These are configurations for ngme optimization process.

control_opt(
  seed = Sys.time(),
  burnin = 100,
  iterations = 500,
  estimation = TRUE,
  standardize_fixed = TRUE,
  stop_points = 10,
  iters_per_check = iterations/stop_points,
  optimizer = adam(),
  n_parallel_chain = 4,
  max_num_threads = n_parallel_chain,
  exchange_VW = TRUE,
  n_slope_check = 3,
  std_lim = 0.01,
  trend_lim = 0.01,
  print_check_info = FALSE,
  max_relative_step = 0.5,
  max_absolute_step = 0.5,
  converge_eps = 1e-05,
  rao_blackwellization = FALSE,
  n_trace_iter = 10,
  sampling_strategy = "all",
  verbose = FALSE
)

Arguments

seed

set the seed for pesudo random number generator

burnin

interations for burn-in periods (before optimization)

iterations

optimization iterations

estimation

run the estimation process (call C++ in backend)

standardize_fixed

whether or not standardize the fixed effect

stop_points

number of stop points for convergence check (or specify iters_per_check)

iters_per_check

run how many iterations between each check point (or specify stop_points)

optimizer

choose different sgd optimization method, currently support "precond_sgd", "momentum", "adagrad", "rmsprop", "adam", "adamW" see precond_sgd, ?momentum, ?adagrad, ?rmsprop, ?adam, ?adamW

n_parallel_chain

number of parallel chains

max_num_threads

maximum number of threads used for parallel computing, by default will be set same as n_parallel_chain.

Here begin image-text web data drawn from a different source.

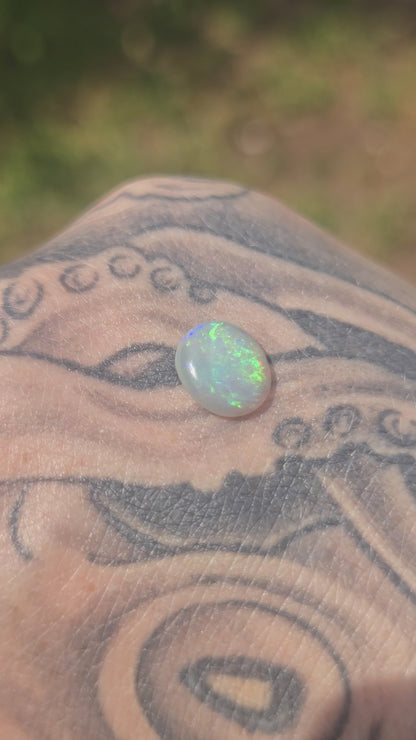 1.610 cooberpedy Opal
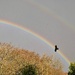 Flying over the rainbow by wakelys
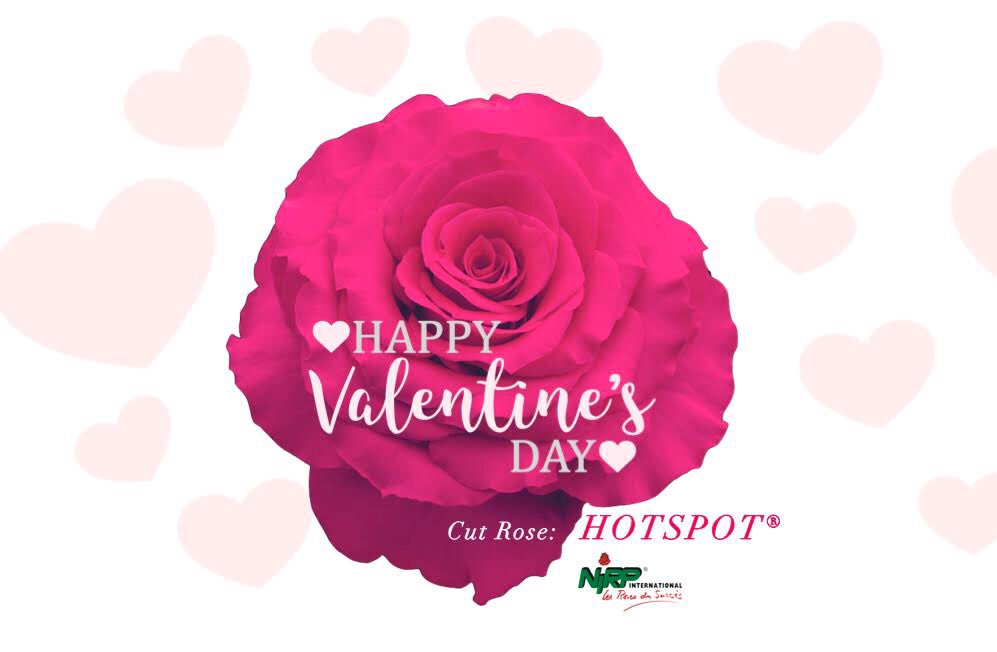 NirpRoses's tweet photo. #Nirp wish you #HappyValentineDay #ValentineDay #Valentines2019 with #hotspot #roses #florist #hotpink #pinkroses https://t.co/wz3slJ4awC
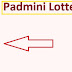 Maharashtra Padmini Lottery Results 29.4.2024 Live Draw Winning Numbers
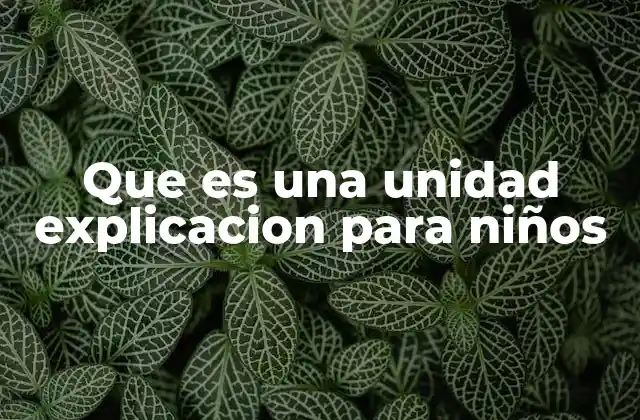 Que es una Unidad Explicacion para Niños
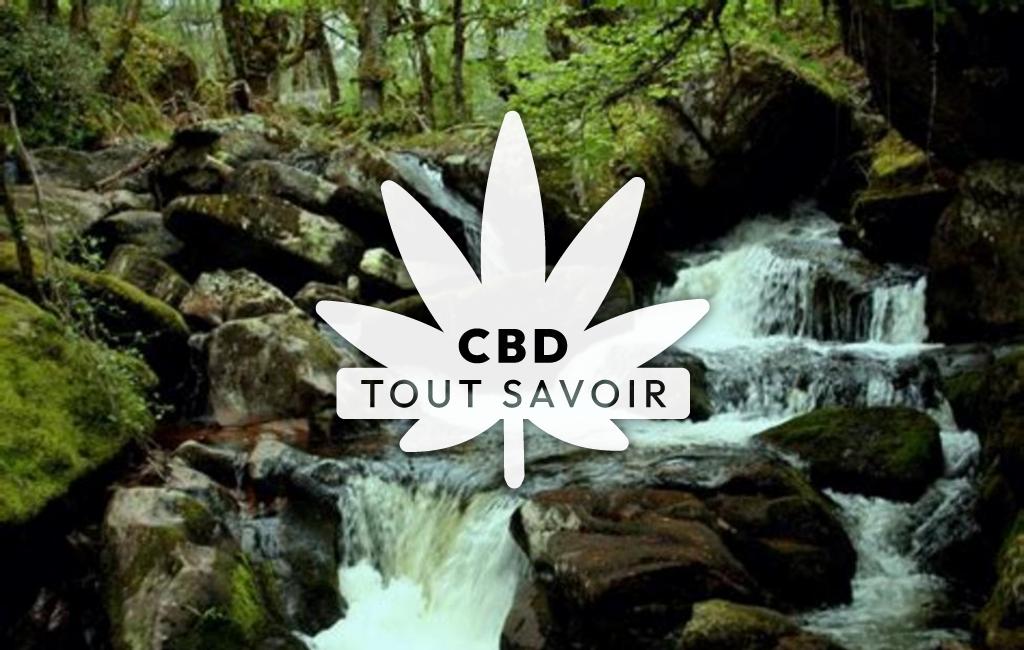 Village à Soudeilles avec feuille Cannabis CBD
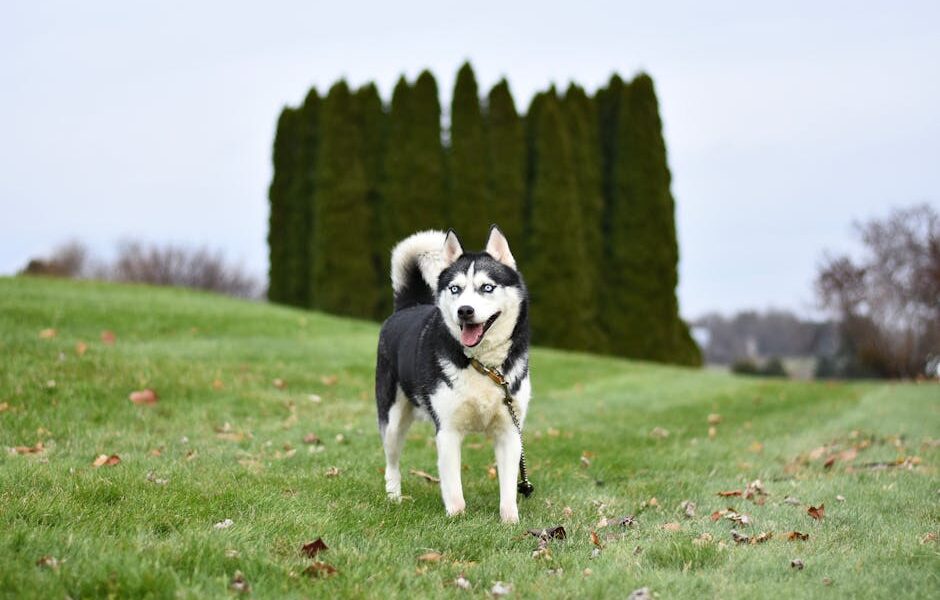 The Complete Siberian Husky Guide: History, Temperament, Care and More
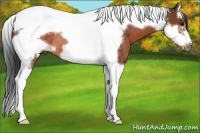 Horse Color:Bay Roan Splash Tobiano Frame Rabicano 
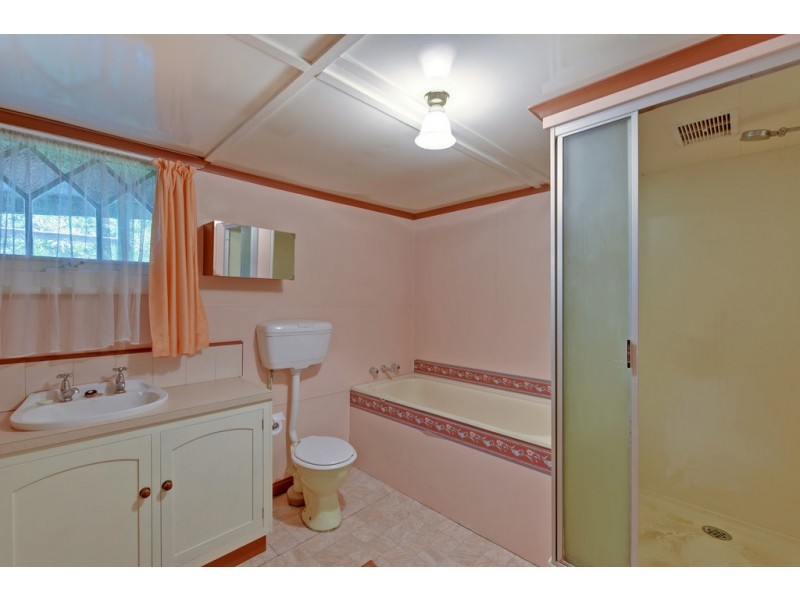 911 Ridgley Highway, Ridgley TAS 7321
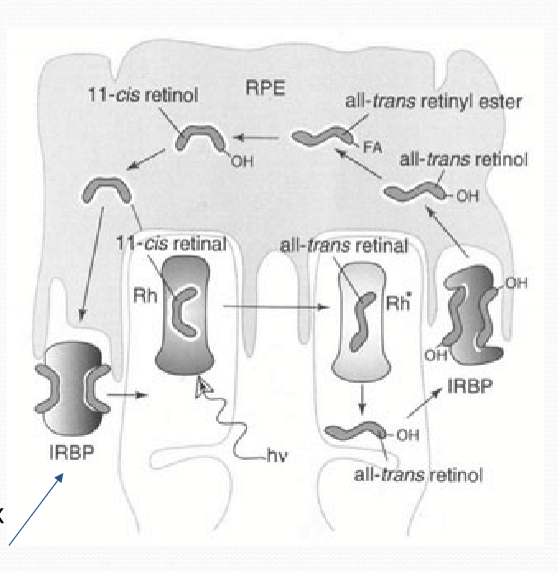 <p>Retinol dehydrogenase in the RPE. </p>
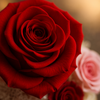 Close-up of a red rose with a blurred pink rose in the background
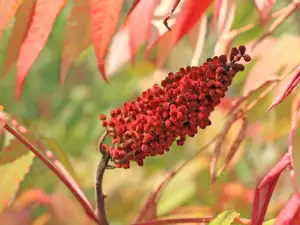 Sumak biljka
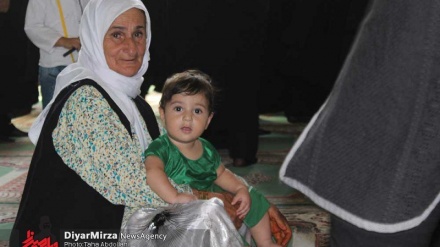 Tolışədə şıtəhə hırdənon mərosim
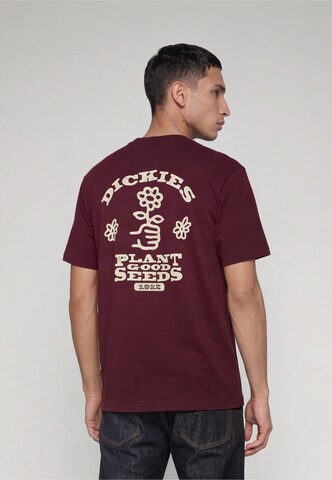 Maglietta 'GOOD SEEDS' di DICKIES in rosso: frontale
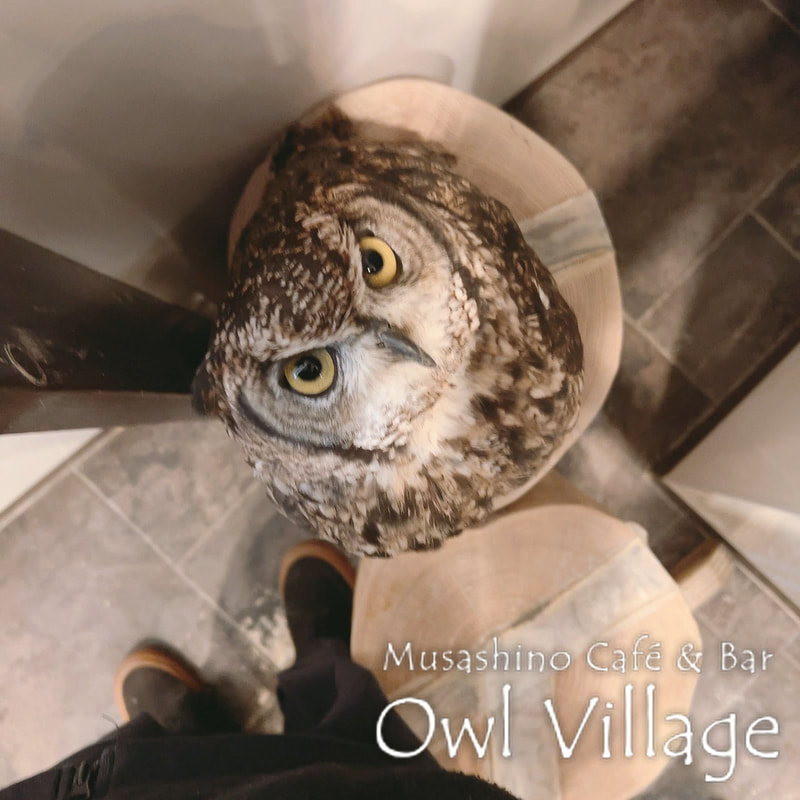 owl cafe harajuku down load free photo 0709 African Eagle Owl
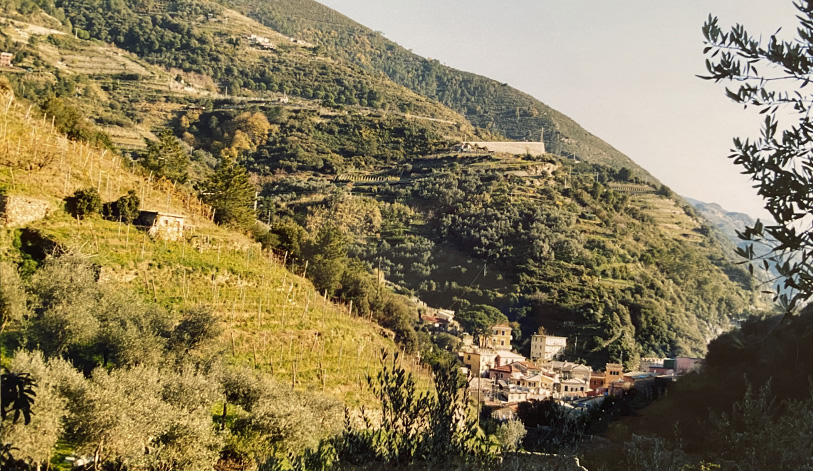 Vineyard concepts, original vision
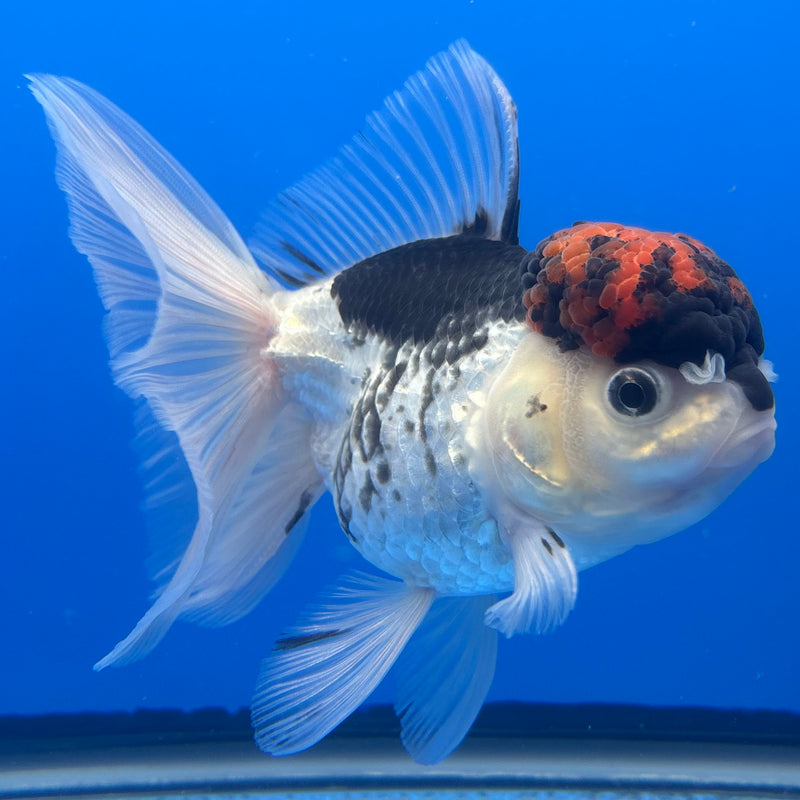 Thai Oranda Tri-Color 3.5” Body Female(CK-733)R1B01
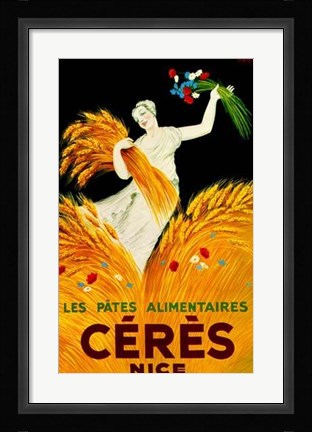 Framed Ceresnice Print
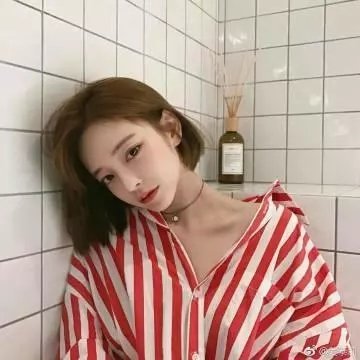 马克斯与拾荒者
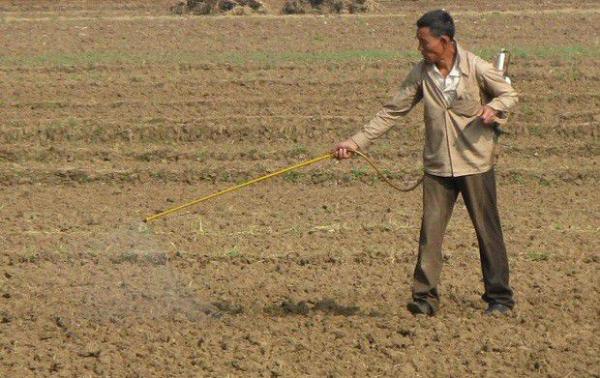 种植北沙参使用除草剂要注意什么？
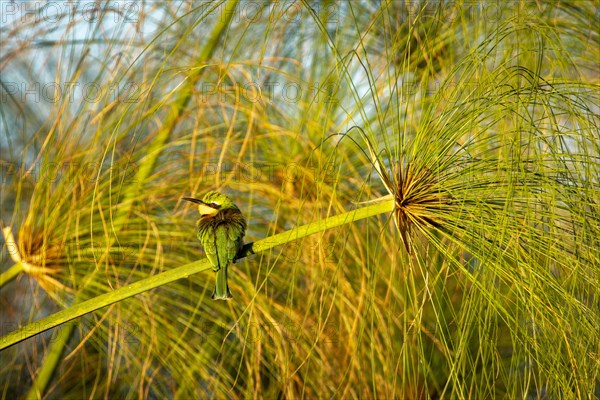 Bee-eater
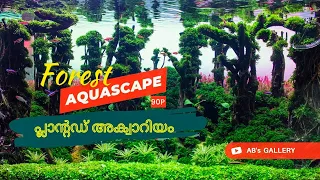 PLANTED AQUARIUM | MALAYALAM | Forest Aquascape - 90P | Hardscape | Cinematic full HD Video (2022)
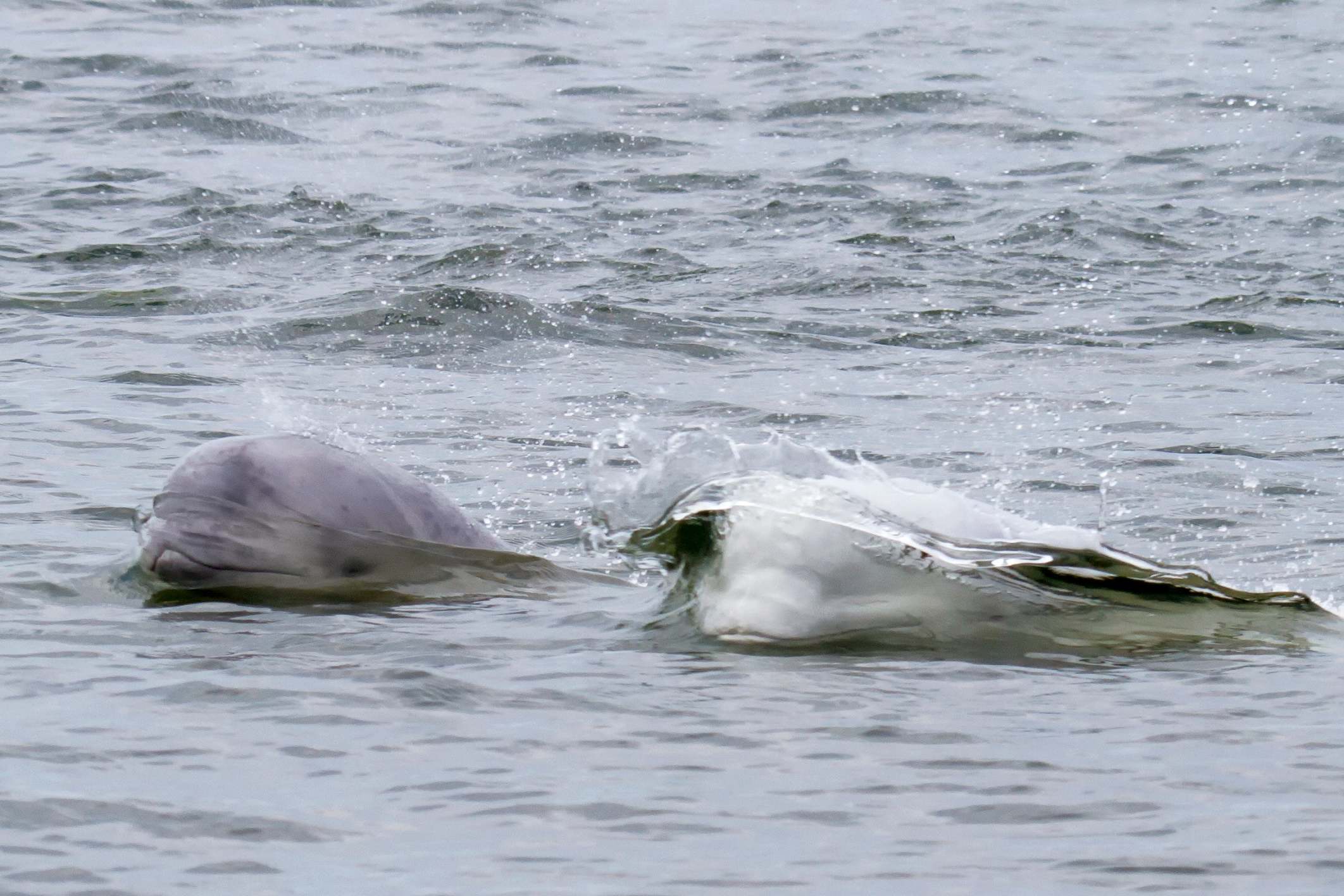 An adult whale swims with her offspring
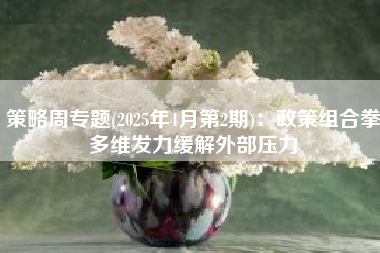 策略周专题(2025年4月第2期)：政策组合拳多维发力缓解外部压力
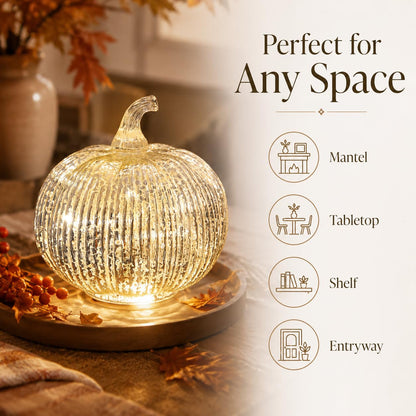 Hvfun 5.5 "(14cm) Mercury Glass Light up Pumpkin with Timer- Battery Operated Table Lamps for Festive Decoration-Thanksgiving Home Decoration Decorations (Silver) 🍁 All In One Marketplace Canada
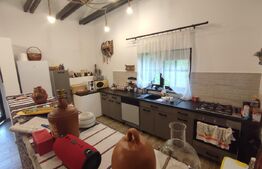 Casa de vacanta si anexe in  Stulpicani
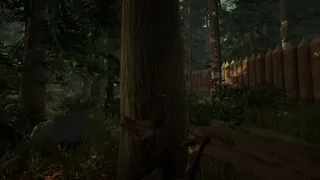Скриншот 11 к игре The Forest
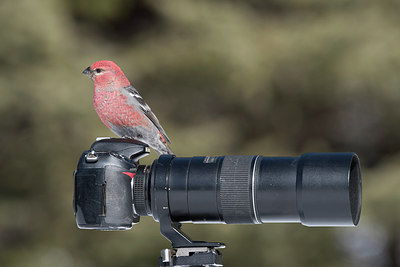 BUITEN BEELD Foto: 271373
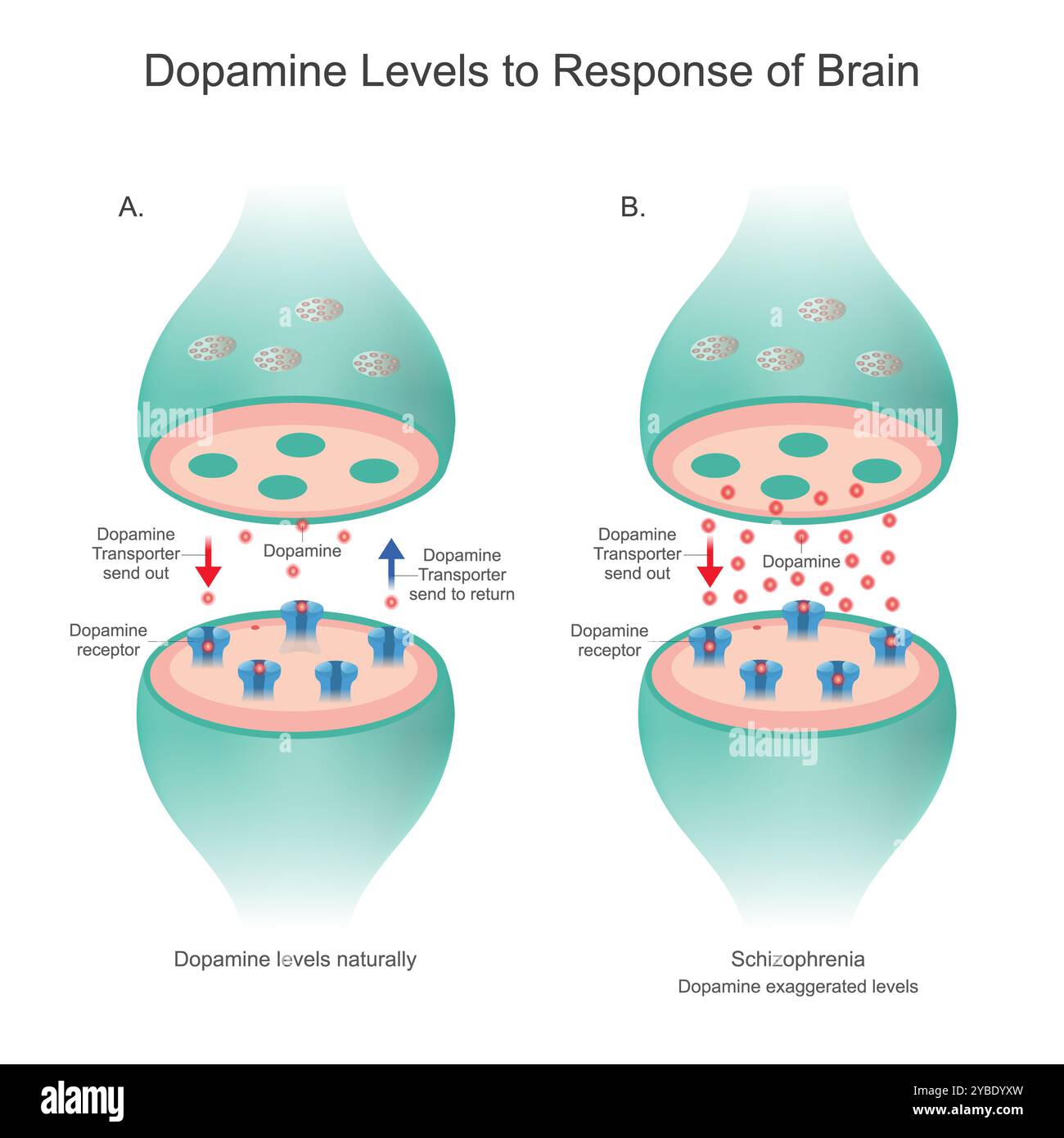 Taux de dopamine à la réponse du cerveau. Dopamine naturellement et dopamine chez le patient. Banque D'Images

If it is more than n_parallel_chain, the rest will be used to parallel different replicates of the model.

exchange_VW

exchange last V and W in each chian

n_slope_check

number of stop points for regression

std_lim

maximum allowed standard deviation

trend_lim

maximum allowed slope

print_check_info

print the convergence information

max_relative_step

max relative step allowed in 1 iteration

max_absolute_step

max absolute step allowed in 1 iteration

converge_eps

convergence threshold, test if grad.norm() < converge_eps

rao_blackwellization

use rao_blackwellization

n_trace_iter

use how many iterations to approximate the trace (Hutchinson’s trick)

sampling_strategy

subsampling method of replicates of model, c("all", "is") "all" means using all replicates in each iteration, "ws" means weighted sampling (each iteration use 1 replicate to compute the gradient, the sample probability is proption to its number of observations)

verbose

print estimation

Value

list of control variables

Details

To enable convergence check, we need multiple chains running. We compare the trend of the estimated parameter of length n_slope_check (linear regression) with trend_lim. We compare the standard devation of estimated parameters (in different chains) with std_lim.